Zgadza się. Jak ma dzieła sztuki to trzeba i szwajcarski alarm i strażnika z długą bronią. Ale nasza rzeczywistość jest taka, z tego co widzę dookoła. Złodziejaszek leci przez płot od jednego do drugiego domku i ciśnie na okna. Jak ktoś zapomniał zamknąć to wpada, łapie co po ręką i zwiewa. Jak alarm zawyje to może stracimy laptopa ze stołu ale jak nie będzie alarmu to sobie pobuszuje przez kilka minut i może nas jeszcze zaatakować fizycznie.
Nie ma co przeceniać instalatorów. Łapki na myszy każdy umie stawiać. Po czujce tu i tam i wystarczy. Nawet jak czujka źle widzi to i tak w końcu zobaczy. To nie galerie Luwru.

----------


## adam_mk

"Nie ma co przeceniać instalatorów. Łapki na myszy każdy umie stawiać. Po czujce tu i tam i wystarczy. Nawet jak czujka źle widzi to i tak w końcu zobaczy. To nie galerie Luwru. "

Nie ma co przeceniać mechaników. Byle wozidupsko to każdy sobie naprawi. Wystarczy młotek...
Nie ma co przeceniać budowlańców. Byle chałupinę to każdy sam sobie skleci. Wystarczy łopata, młotek i trochę piachu...
Nie ma co przeceniać....

Długo tak można, ale z prawdą niewiele to ma wspólnego.
W każdym fachu są wyrobnicy i artyści.
Żaden nie jest łatwy a żadna praca nie hańbi! (tak mnie uczono).

Obyś się nie przekonał, że mam ciut racji... na sobie nie przekonał...

Adam M.

----------


## homecactus

Adam, nieco chyba przesadzasz. Nie mieszajmy artystów do budowlanki i instalacji. 

Dla kogoś myślącego instalacja alarmu trudna nie jest, zajmie co najwyżej dużo więcej czasu niż powinna.

Nie doszukujmy się filozofii tam gdzie jej nie ma.

----------


## witu102

no to nie pozostaje nic innego jak życzyć powodzenia...w sumie elektryka i hydraulika to jeszcze prostsze są...

----------


## homecactus

> no to nie pozostaje nic innego jak życzyć powodzenia...w sumie elektryka i hydraulika to jeszcze prostsze są...

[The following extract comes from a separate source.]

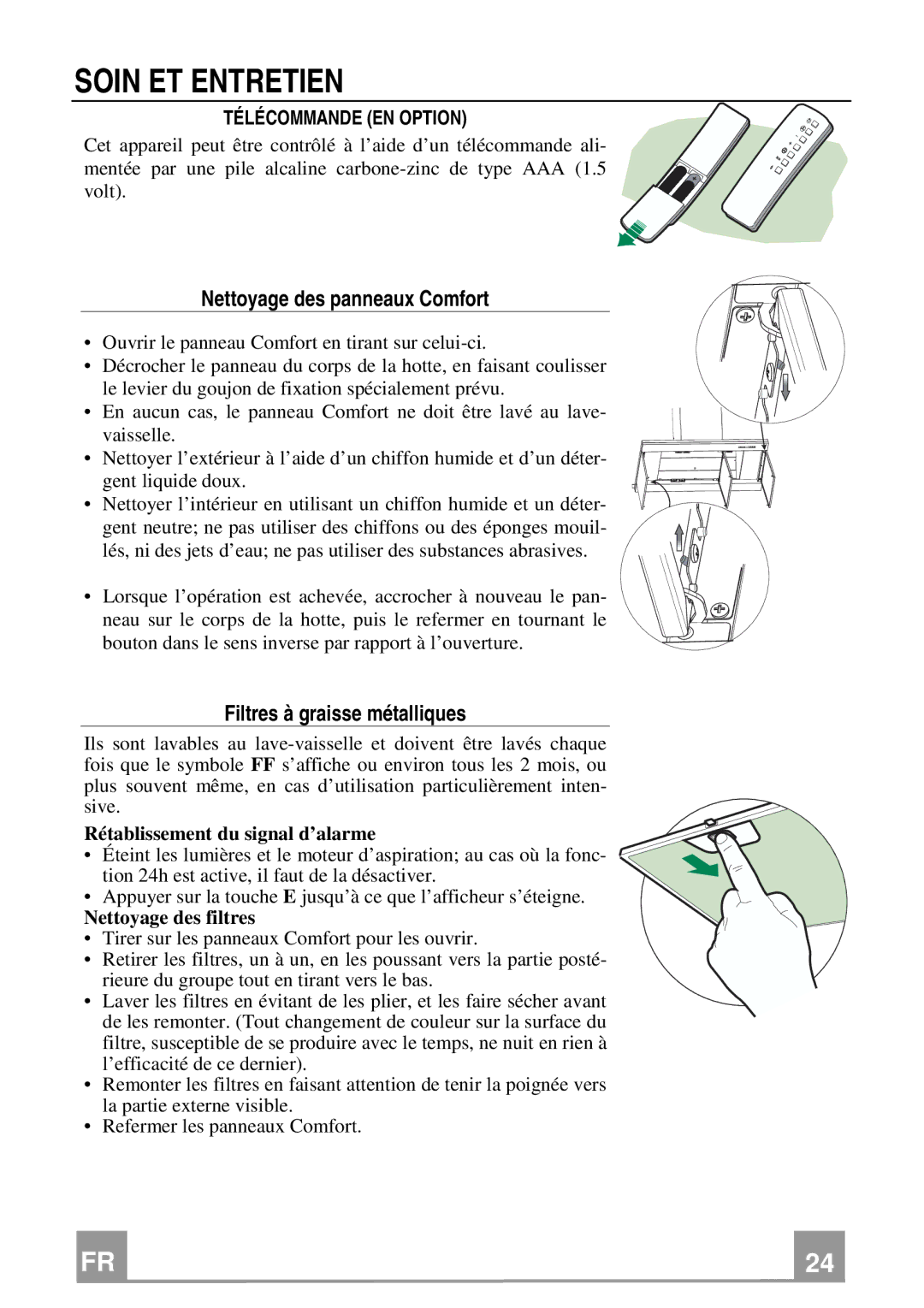 Franke Consumer Products FMY 367 Soin ET Entretien, Nettoyage des panneaux Comfort, Filtres à graisse métalliques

No ja robiłem sam, i potwierdzam, myślę że jest to prostsze niż alarm.

----------


## firewall

Większość prac na budowie to proste czynności i nie ma co dorabiać do tego ideologii. Wystarczą chęci, wiedza, dwie prawe ręce i można stawiać dom. Budowa domu jednorodzinnego to nie zabieg neurochirurgiczny tylko szereg prostych prac, które może wykonać każdy o IQ powyżej 55.

----------


## robertsz

> No ja robiłem sam, i potwierdzam, myślę że jest to prostsze niż alarm.

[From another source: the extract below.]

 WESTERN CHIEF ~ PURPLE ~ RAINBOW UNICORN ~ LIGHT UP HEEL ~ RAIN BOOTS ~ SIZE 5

*homecactus*, jesteś mitomanem albo praktykiem bez teorii.
Tutaj piszesz że elektryka to dla Ciebie bułeczka z wiejskim masełkiem.
W innym wątku pytasz o uziemienie instalacji elektrycznych, a to podstawowa wiedza.

Połączyłeś kolorowe druciki, Twoje dzieło spełnia Twoje wymagania i to wszystko w tej materii.
Podobnie z wod-kan, szambo spływa, nie pomyliłeś ciepłej rurki z zimną. Udało Ci się, jesteś złoty rączek.

W alarmach oprócz łączenia kolorowych drucików trzeba mieć troszkę więcej pomyślunku niż w hydraulice czy elektryce.

----------


## robertsz

> Większość prac na budowie to proste czynności i nie ma co dorabiać do tego ideologii. Wystarczą chęci, wiedza, dwie prawe ręce i można stawiać dom. Budowa domu jednorodzinnego to nie zabieg neurochirurgiczny tylko szereg prostych prac, które może wykonać każdy o IQ powyżej 55.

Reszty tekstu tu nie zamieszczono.